Take the lines below from the one with "IMG20190411134948.jpg" through the one with "西甲联赛中,哪只球队是冠军次数最多的球队?" and print only them, exactly. Don't print the pictures.

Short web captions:

::::::::::

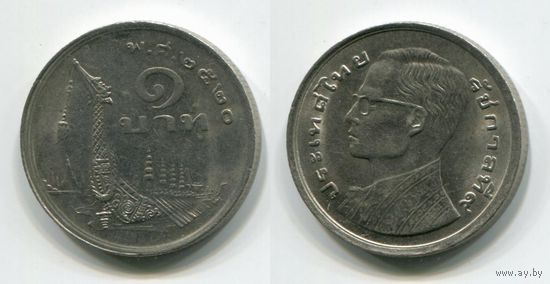Таиланд. 1 бат (1977, aUNC)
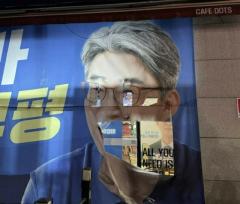 仁川で総選挙予備候補者の横断幕が切り裂かれる＝韓国のイメージ画像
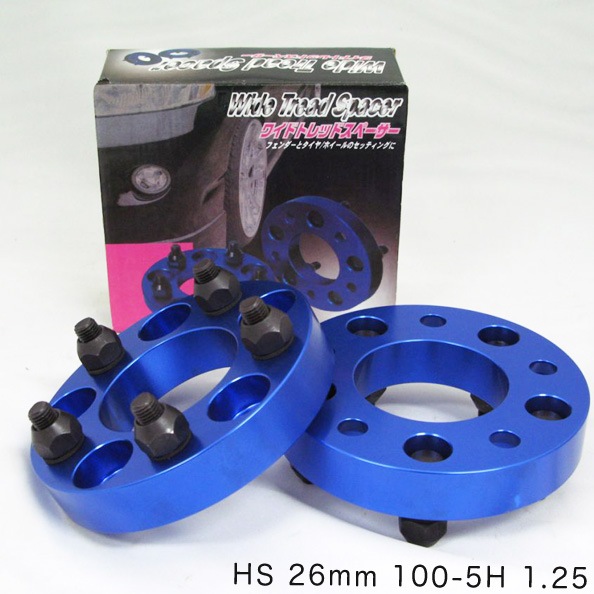 86/BRZ ブルーワイドトレッドスペーサー 26mm PCD100/P1.25/5H ブレイス BZ-012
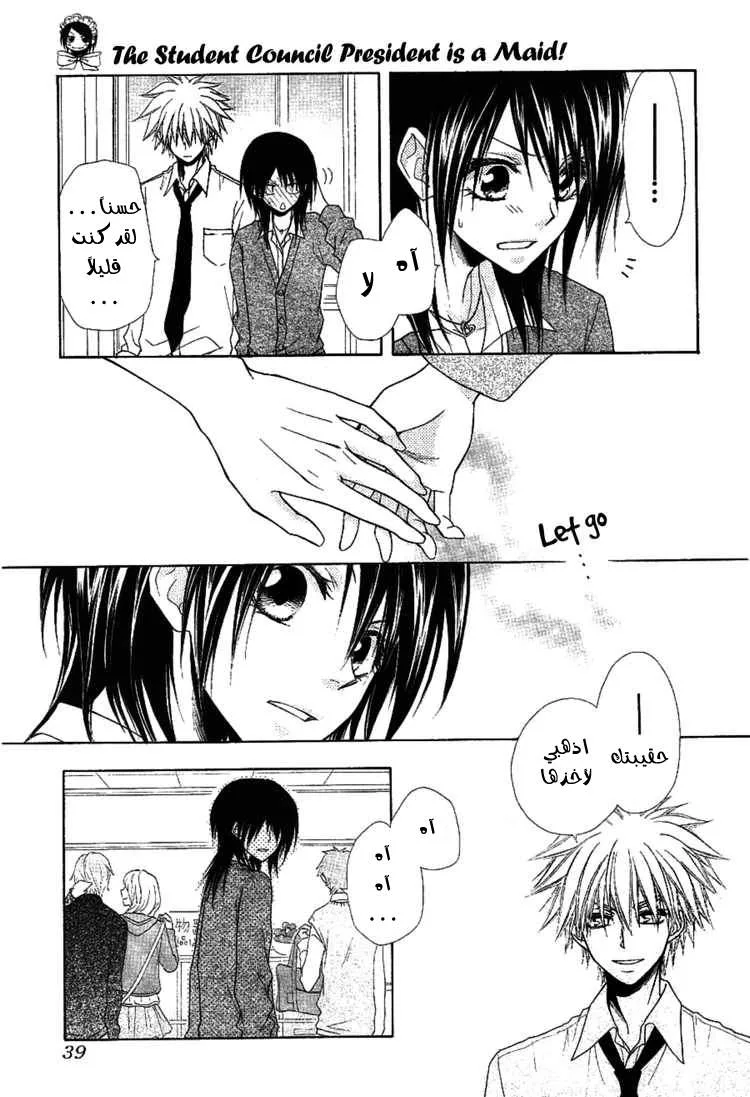 Read Kaichou wa Maid-sama! AR Manga Online
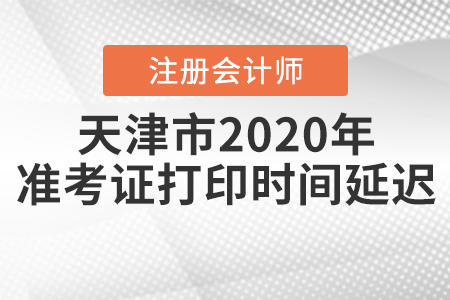 天津市2020年注會考試準(zhǔn)考證打印時間延遲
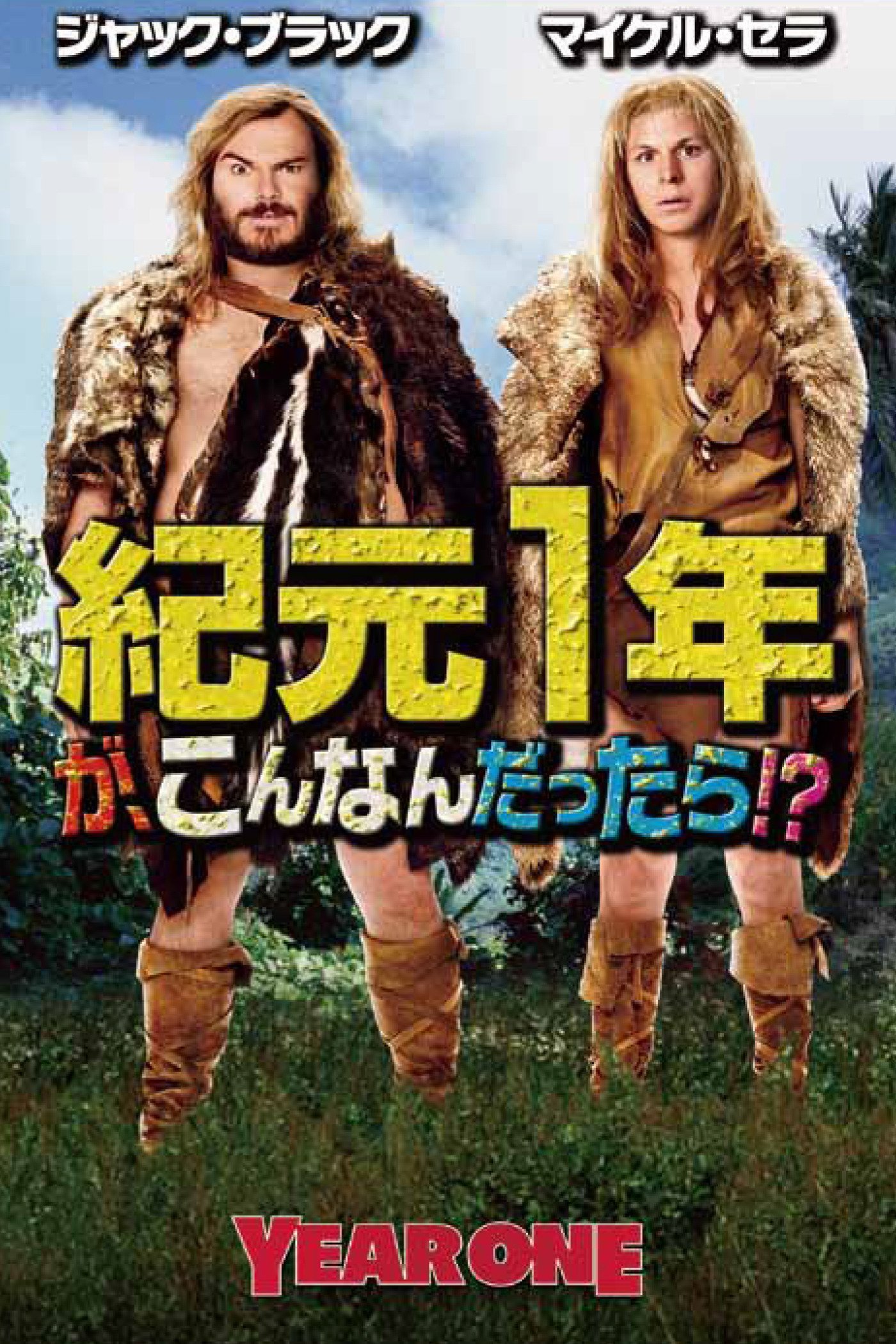 Amazon Co Jp 紀元１年が こんなんだったら 字幕版 を観る Prime Video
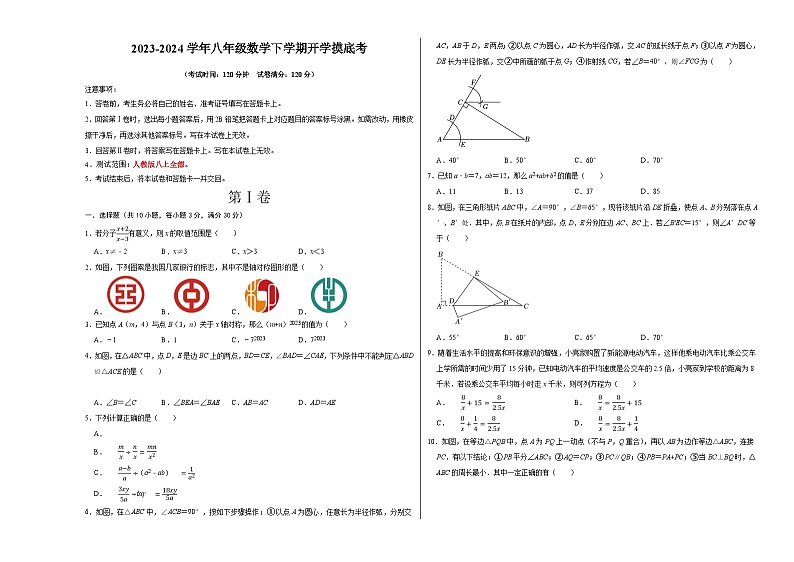 八年级开学摸底考数学（考试版）A3第1页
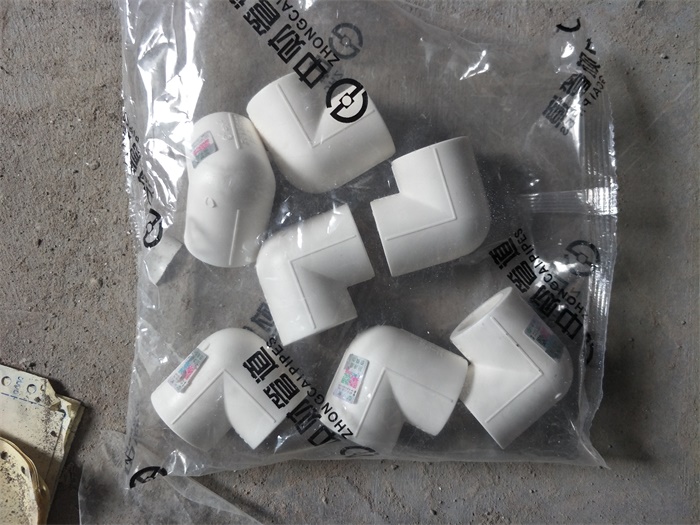 IMG20190411134948.jpg
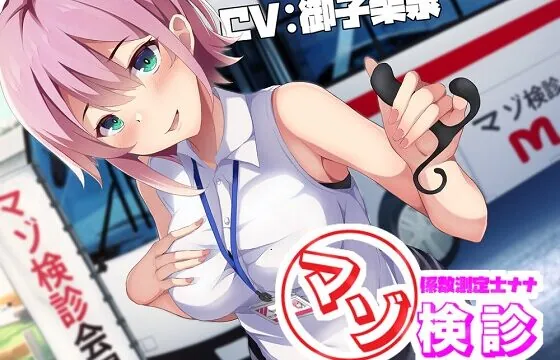 マゾ係数測定士ナナのマゾ検診～200を超えたら施設収容～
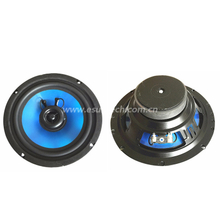Loudspeaker 165mm YD165-01-8F70P-R Min Full Range car Speaker Drivers - ESUNTECH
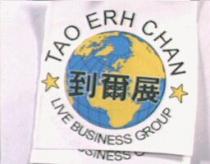 到爾展 TAO ERH CHAN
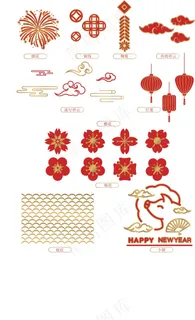 中式过年元素梅花樱花鞭炮祥云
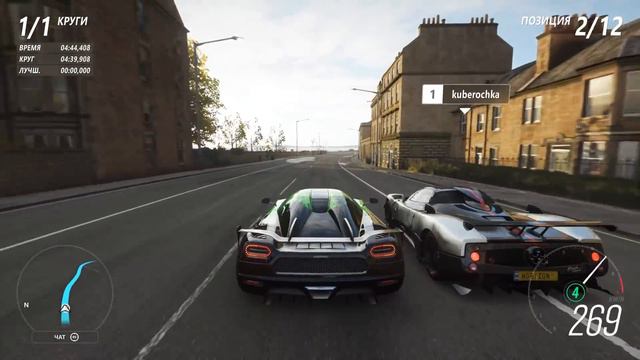 FORZA HORIZON 4 - САМАЯ ДЛИННАЯ ГОНКА. ХОРОШИЙ ФАРМ ВИЛСПИНОВ В  ФОРЗА ХОРАЙЗЕН 4. СУПЕРВИЛСПИНЫ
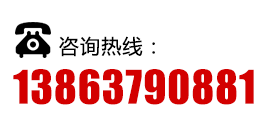 全國(guó)銷(xiāo)售熱線(xiàn)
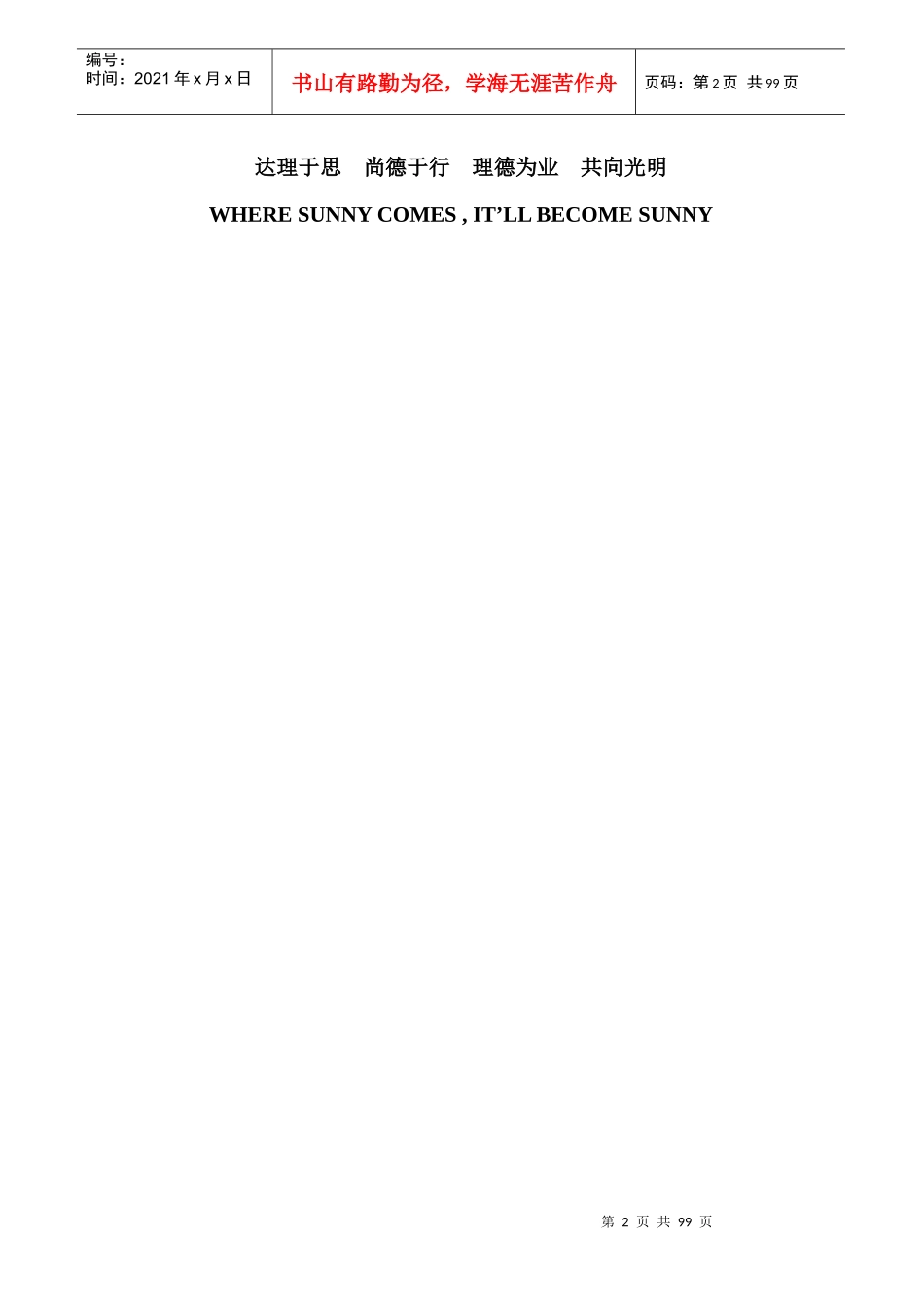 商业培训资料之商业物业选址和开店调研资料_第2页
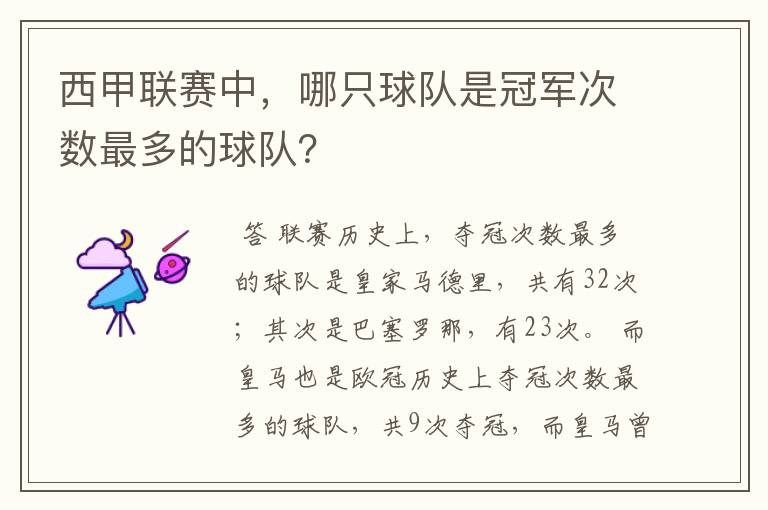 西甲联赛中,哪只球队是冠军次数最多的球队?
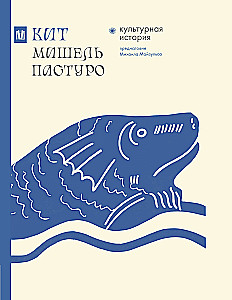 Valis. Kultūras vēsture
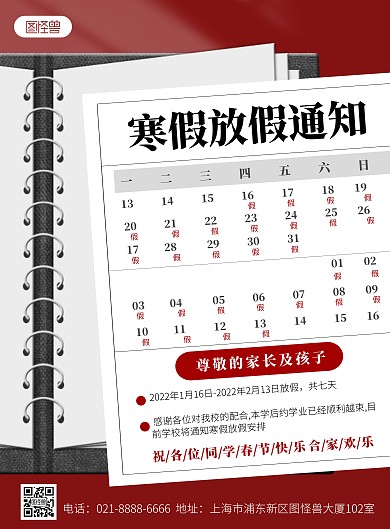 2022寒假放假通知笔记本创意竖版海报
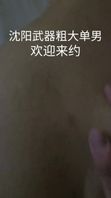 [原创]沈阳武器粗大单男无套抽查少妇申请自拍达人手势验证
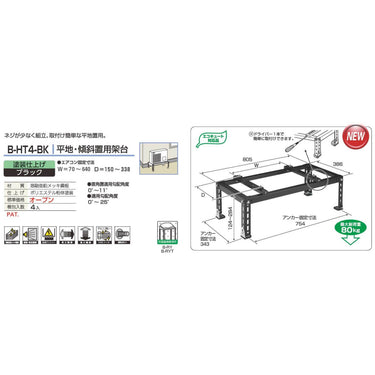 バクマ工業 B-HT4-BK エアコン室外ユニット架台 平地・傾斜置用 塗装仕上げ ブラック【新商品】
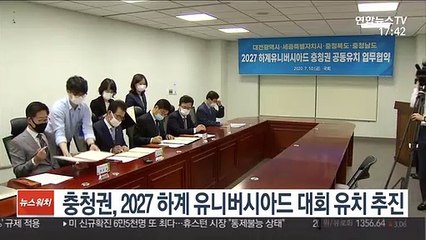 충청권, 2027 하계 유니버시아드 대회 유치 추진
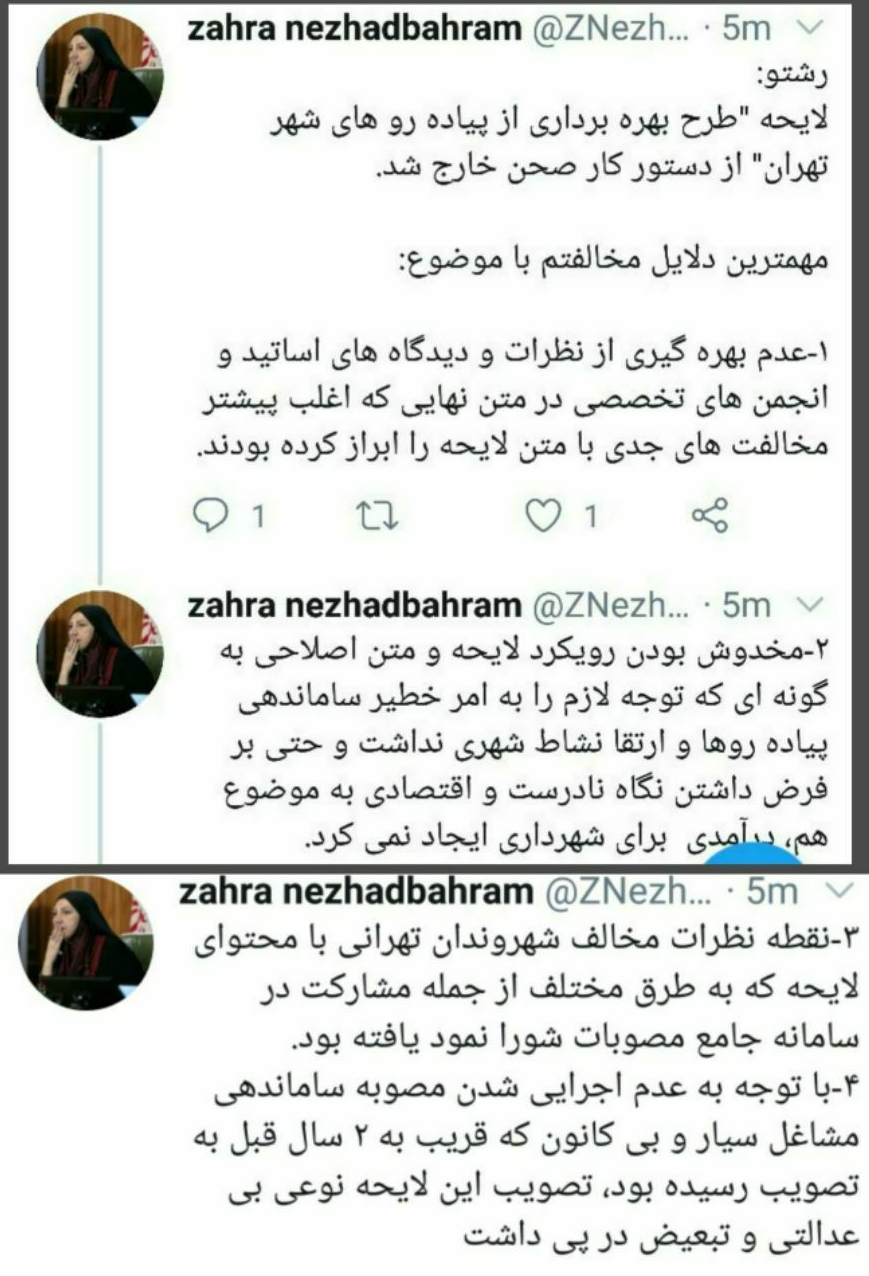 دلایل ناکارآمد بودن لایحه بهره برداری از پیاده راههای تهران دلایل ناکارآمد بودن لایحه بهره برداری از پیاده راههای تهران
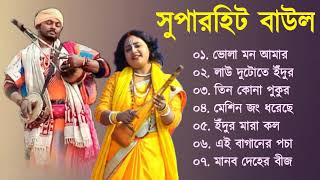 Baul Gaan  সুপারহিট বাউল গান  Baul Hit Gaan  Bengali Baul Song  Bengali Folk Song nonstop 2023 [upl. by Om]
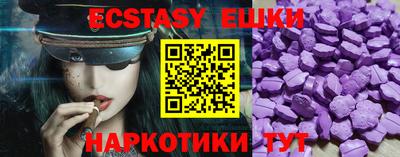 Альфа ПВП Кузнецк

::::::::::

Result below:
 IMG20190411134948.jpg
 マゾ係数測定士ナナのマゾ検診～200を超えたら施設収容～
Loudspeaker 165mm YD165-01-8F70P-R Min Full Range car Speaker Drivers - ESUNTECH
 到爾展 TAO ERH CHAN
 中式过年元素梅花樱花鞭炮祥云
 FORZA HORIZON 4 - САМАЯ ДЛИННАЯ ГОНКА. ХОРОШИЙ ФАРМ ВИЛСПИНОВ В  ФОРЗА ХОРАЙЗЕН 4. СУПЕРВИЛСПИНЫ
 全國(guó)銷(xiāo)售熱線(xiàn)
 商业培训资料之商业物业选址和开店调研资料_第2页
 西甲联赛中,哪只球队是冠军次数最多的球队?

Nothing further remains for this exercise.